All aboard the Monster Train, toot toot
Screenshot: Shiny Shoe/Good Shepherd Entertainment

Every Friday, A.V. Club staffers kick off our weekly open thread for the discussion of gaming plans and recent gaming glories, but of course, the real action is down in the comments, where we invite you to answer our eternal question: What Are You Playing This Weekend?


Did you ever see a game with a premise, and a sort of glorious self-seriousness, so intensely dorky that you couldn’t help but kind of love it? Call it the Darksiders Effect: An obsession with demons, rippling biceps, and the design aesthetics of a Meat Loaf album cover circa 1977 that’s just so unpretentiously in love with lava that it short-circuits all possible critical objections. So it is with Monster Train, the game that asks the question, “What if Snowpiercer took place in Hell?”, then has the audacity to bolt one of the best deck-building games in recent memory to just such a goofy, perpetually burning skeleton.

Developed by Shiny Shoe, and bursting out of Steam’s Early Access back in late May like a something out of something, Monster Train riffs on mechanics that were previously popularized by Mega Crit Games’ also-excellent Slay The Spire, taking the “slowly add new, hypothetically better cards to your deck” ideas popularized over in the world of board gaming over the last two decades, then merging them with a very video game spin on turn-based combat. (Also all those roguelike, run-based, slowly building progression systems that have become part and parcel with how indie titles maintain players’ addictions in recent years.) Rather than controlling the actions of a single adventurer, though, Monster Train tasks you with controlling the entire crew of the titular Boneshaker, fending off attacks from homicidal angels after an apocalyptic battle causes hell to literally freeze over. (It’s okay to roll your eyes at this point.)

As if that weren’t enough modern video game buzzwords, though, there’s also a strong tower defense vibe at work here; your train is transporting a piece of hell’s still barely-burning heart, and your goal is to field teams of demons (mermaids, plant monsters, sentient candles, etc.) strong enough to keep the invaders from reaching the top floor and damaging it. Where things get interesting, though—as if “demonic versions of Skimbleshanks The Railway Cat battle the renegade forces of heaven” wasn’t interesting enough—was in the way the game constantly offers up choices about how to empower your horde. After every battle, you’re given two choices of routes for your train to travel down, both brimming with upgrades, health boosts, and other much-desired goodies.

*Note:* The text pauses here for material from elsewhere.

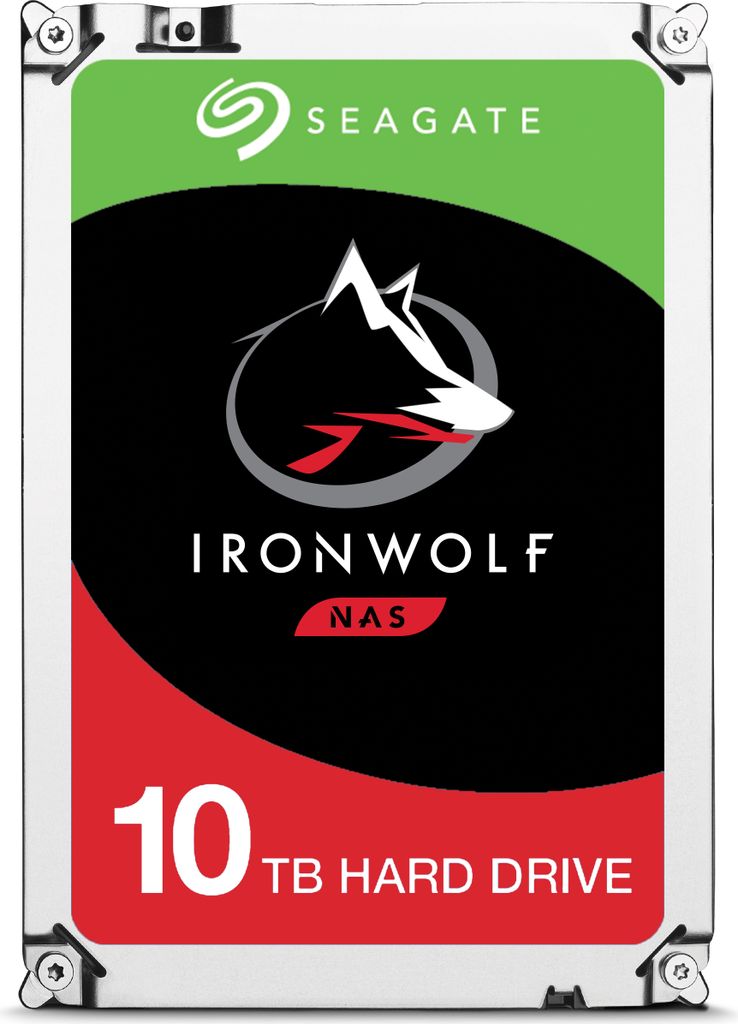 Seagate IronWolf ST10000VN0004 - Festplatte - 10 TB - Produktbild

Choosing which path to take (and then how to employ the power-ups you receive) is the sort of chunky choice that great video games are built on, the agony of asking yourself which of two top-notch options you’re going to have to pick. Monster Train embraces those sorts of choices with a regularity and intensity that belies the sheer number of Spawn comics its creators have so clearly consumed, and it’s become a regular fixture on our gaming PCs of late because of it.

Also: Shiny Shoe just added a mode that gives every creature in the game wobbly goofy eyes, and how the hell are we supposed to say no to that?